Samantha Simpson Artwork Info

About the Saga Series

The Saga project started in response to my reading of the long lines of images that wrapped around Trajan’s Column. They seemed to speak of the small and daily pains of a forgotten war; like a message from one civilization from another. I was interested in the contradiction between the grandiosity of the monument and the personal stories that were carved around it.

This group of huge watercolors reflects my sense of a shifting, imperiled world after the election of Donald Trump: the narratives in the paintings are my way of working through the ways that I and the people around me responded to the increased sense of threat that some of us experienced.

The paintings locate small individuals in a complicated metaphorical world that is populated by predators and prey, families and individuals as well as references to known political figures.

It is an imperiled, complex landscape. Using a theatrically natural world allows me to talk about social issues in a way that deflects resistance. The families in the pieces battle businessmen-bugs, borders and walls and mechanized and natural force, but they regroup and reach out to each other to survive.

The complexity allows me to show several competing ways of responding to imbalances in power.

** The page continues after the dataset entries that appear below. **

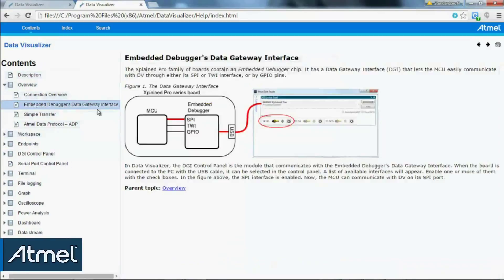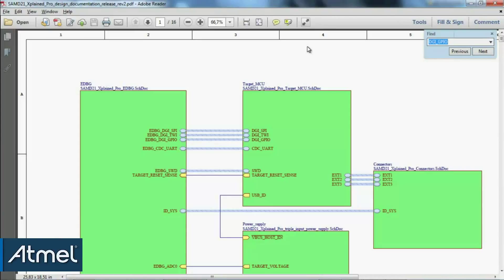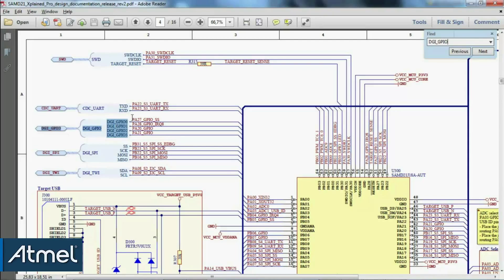I can also look at the gateway interface and see SPI, TWI, and GPIO — and that GPIO is what I'm specifically interested in. If I have a look at the schematic of the SAMD21 Xplained Pro and search for data gateway interface GPIO, I'll see that at a high level it gives the options on the embedded debugger, and I can see that there are a number of GPIOs available to me.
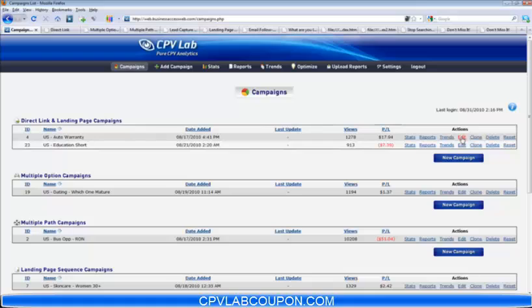You can edit the campaign, clone it — this is a huge time saver. By clicking clone, it's going to duplicate the selected campaign where all you need to do is give it a new name and save it, and you're off and running. You can also delete campaigns and reset the overall stats.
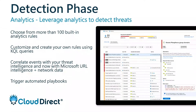This is where we define our alerts and what we want to detect, based on the type of data being ingested into Sentinel. There are a number of pre-built alerts, each with an associated connector. You can see the required data sources column, which shows which connector that specific alert is related to. You can also create your own custom alerts as well.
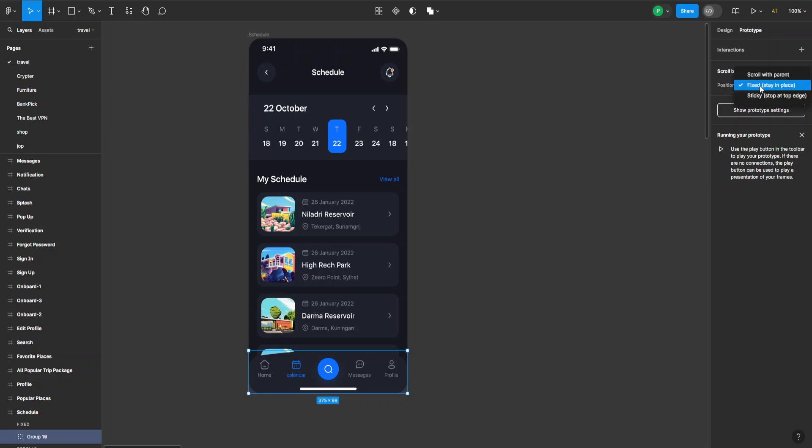You can also choose between scroll with parent or sticky, which stops at the top of the page.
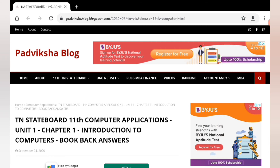I will surely update it soon. Please keep supporting. If you are watching this video, subscribe and click on the bell icon. Next chapters are coming up. Until then, bye bye.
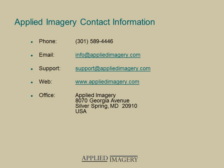We hope you enjoyed this module. If you'd like to view additional topics, please visit the Applied Imagery website, and be sure to check back often as new video modules are being added on a regular basis.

An artist friend once told me I was making the biggest miniatures she’d ever seen, and this isn’t far off. The paintings hang end to end and are read as much as they are seen. Characters move through the paintings from left to right, from painting to painting. This series can be approached as a giant, flat graphic novel, but they also draw on the visual language of 14th century prints and painterly abstraction. The story is complicated and multilayered, but it’s about us, and me, and the last five years.